-- What the task requires --
For the entries below, report every line that includes the word "Renault".

•••••

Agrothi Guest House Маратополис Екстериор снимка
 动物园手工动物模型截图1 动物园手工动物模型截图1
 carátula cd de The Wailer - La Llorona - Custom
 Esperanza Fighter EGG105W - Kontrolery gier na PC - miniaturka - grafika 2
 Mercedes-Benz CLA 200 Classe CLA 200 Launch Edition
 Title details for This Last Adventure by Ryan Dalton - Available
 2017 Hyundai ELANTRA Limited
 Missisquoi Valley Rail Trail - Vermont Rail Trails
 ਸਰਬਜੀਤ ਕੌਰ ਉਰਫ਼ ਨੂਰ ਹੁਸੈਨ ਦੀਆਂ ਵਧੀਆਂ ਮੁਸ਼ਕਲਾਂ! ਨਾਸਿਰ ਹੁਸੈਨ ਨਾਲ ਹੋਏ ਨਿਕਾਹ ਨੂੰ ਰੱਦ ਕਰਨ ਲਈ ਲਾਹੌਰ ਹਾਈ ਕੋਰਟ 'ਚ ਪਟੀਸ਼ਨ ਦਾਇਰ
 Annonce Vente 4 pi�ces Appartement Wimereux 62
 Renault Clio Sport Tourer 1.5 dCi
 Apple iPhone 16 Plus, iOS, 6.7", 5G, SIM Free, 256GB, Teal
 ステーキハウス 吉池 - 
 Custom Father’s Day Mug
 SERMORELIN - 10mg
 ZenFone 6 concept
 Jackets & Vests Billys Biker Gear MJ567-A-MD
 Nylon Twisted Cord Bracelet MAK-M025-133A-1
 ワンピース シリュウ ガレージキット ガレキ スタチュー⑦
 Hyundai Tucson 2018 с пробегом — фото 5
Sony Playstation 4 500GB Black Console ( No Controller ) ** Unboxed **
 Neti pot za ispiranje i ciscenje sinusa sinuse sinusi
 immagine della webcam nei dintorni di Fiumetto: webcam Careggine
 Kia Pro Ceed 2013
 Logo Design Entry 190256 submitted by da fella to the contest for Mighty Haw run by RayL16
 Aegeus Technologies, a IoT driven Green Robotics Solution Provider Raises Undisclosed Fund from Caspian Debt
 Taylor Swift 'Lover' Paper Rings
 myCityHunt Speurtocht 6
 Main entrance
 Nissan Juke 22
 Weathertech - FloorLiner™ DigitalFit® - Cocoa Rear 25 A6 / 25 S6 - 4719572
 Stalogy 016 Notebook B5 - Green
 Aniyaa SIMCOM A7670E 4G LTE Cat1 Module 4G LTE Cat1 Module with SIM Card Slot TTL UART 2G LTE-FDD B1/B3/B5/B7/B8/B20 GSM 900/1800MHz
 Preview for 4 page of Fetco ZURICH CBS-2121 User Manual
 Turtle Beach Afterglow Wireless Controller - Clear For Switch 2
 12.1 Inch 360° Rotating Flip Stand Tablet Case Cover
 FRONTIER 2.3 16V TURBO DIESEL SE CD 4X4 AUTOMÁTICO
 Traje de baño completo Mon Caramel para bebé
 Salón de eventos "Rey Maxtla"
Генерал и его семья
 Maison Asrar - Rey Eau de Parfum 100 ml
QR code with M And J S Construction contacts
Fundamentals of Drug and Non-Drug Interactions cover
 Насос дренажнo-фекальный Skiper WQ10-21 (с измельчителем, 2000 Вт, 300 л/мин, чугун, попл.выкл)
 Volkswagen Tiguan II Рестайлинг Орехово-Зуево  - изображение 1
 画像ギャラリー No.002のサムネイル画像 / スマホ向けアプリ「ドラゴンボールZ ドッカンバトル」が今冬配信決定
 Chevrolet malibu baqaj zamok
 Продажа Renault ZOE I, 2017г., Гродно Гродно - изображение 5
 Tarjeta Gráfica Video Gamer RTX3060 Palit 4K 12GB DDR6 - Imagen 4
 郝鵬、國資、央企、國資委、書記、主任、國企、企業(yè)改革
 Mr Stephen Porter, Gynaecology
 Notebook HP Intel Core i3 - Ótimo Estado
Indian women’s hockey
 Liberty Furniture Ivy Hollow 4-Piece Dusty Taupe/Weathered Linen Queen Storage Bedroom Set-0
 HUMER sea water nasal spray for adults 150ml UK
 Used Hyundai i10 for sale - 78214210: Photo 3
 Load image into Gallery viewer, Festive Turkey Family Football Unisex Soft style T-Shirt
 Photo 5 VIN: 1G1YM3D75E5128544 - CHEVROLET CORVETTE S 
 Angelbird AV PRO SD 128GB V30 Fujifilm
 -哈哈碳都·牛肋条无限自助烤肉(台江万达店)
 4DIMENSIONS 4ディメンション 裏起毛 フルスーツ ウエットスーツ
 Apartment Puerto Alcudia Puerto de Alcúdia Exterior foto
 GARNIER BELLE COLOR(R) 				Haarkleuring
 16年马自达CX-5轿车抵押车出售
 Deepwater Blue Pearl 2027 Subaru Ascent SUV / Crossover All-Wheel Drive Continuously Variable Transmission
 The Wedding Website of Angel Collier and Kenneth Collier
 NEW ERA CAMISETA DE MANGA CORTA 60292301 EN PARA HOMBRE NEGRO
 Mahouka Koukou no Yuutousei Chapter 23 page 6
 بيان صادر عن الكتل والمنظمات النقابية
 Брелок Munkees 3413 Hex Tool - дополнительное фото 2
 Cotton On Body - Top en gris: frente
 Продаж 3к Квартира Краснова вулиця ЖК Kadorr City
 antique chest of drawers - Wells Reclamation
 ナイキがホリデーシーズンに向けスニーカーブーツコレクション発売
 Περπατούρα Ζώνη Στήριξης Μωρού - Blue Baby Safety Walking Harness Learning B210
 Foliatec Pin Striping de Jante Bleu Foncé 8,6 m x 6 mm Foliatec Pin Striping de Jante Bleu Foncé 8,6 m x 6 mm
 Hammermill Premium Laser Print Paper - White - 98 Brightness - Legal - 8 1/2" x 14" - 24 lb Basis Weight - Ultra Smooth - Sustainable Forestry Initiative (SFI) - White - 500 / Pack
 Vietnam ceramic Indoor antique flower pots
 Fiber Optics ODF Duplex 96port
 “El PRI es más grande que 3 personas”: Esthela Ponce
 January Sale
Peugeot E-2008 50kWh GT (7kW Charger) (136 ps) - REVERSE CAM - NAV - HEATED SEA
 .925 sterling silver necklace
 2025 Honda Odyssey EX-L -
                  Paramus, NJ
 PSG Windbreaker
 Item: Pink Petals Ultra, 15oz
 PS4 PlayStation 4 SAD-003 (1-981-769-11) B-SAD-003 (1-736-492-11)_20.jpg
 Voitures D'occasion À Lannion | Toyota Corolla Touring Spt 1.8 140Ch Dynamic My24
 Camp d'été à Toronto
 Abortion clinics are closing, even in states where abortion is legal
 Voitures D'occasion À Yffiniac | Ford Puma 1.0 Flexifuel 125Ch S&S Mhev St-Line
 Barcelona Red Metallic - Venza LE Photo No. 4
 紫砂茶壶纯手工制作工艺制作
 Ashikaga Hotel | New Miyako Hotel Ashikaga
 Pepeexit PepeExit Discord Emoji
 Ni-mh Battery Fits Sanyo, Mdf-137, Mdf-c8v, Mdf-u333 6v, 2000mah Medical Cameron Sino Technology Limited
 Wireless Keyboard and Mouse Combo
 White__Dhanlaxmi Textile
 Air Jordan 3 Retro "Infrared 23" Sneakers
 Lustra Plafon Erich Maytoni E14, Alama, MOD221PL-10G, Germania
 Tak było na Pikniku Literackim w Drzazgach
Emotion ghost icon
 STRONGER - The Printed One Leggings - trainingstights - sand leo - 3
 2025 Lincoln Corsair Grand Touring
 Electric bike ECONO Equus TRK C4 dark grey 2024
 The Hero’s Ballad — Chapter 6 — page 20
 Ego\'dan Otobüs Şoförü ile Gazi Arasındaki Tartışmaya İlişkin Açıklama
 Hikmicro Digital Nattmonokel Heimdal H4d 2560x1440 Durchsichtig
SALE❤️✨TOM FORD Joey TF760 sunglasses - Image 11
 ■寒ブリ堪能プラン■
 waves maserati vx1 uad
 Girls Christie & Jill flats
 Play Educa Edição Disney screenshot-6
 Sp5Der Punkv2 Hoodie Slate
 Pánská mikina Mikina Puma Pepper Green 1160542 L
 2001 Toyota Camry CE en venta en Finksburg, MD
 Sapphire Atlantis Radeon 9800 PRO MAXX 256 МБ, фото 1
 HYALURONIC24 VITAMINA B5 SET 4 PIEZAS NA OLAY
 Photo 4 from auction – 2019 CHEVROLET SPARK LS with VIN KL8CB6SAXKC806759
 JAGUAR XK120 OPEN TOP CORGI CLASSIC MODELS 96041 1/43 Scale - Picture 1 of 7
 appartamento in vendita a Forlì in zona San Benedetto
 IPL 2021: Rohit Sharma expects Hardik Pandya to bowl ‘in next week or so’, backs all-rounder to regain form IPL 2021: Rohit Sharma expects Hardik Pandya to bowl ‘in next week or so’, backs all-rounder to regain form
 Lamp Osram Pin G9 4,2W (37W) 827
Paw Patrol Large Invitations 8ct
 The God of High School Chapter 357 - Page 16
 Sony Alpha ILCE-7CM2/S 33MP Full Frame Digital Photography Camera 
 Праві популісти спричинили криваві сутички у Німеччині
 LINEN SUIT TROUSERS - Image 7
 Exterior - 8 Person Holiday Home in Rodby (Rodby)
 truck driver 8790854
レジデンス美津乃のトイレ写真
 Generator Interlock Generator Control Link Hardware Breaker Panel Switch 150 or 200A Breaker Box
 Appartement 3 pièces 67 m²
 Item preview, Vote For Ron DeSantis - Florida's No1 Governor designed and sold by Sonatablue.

•••••

-- Finished task --
 Renault Clio Sport Tourer 1.5 dCi
 Продажа Renault ZOE I, 2017г., Гродно Гродно - изображение 5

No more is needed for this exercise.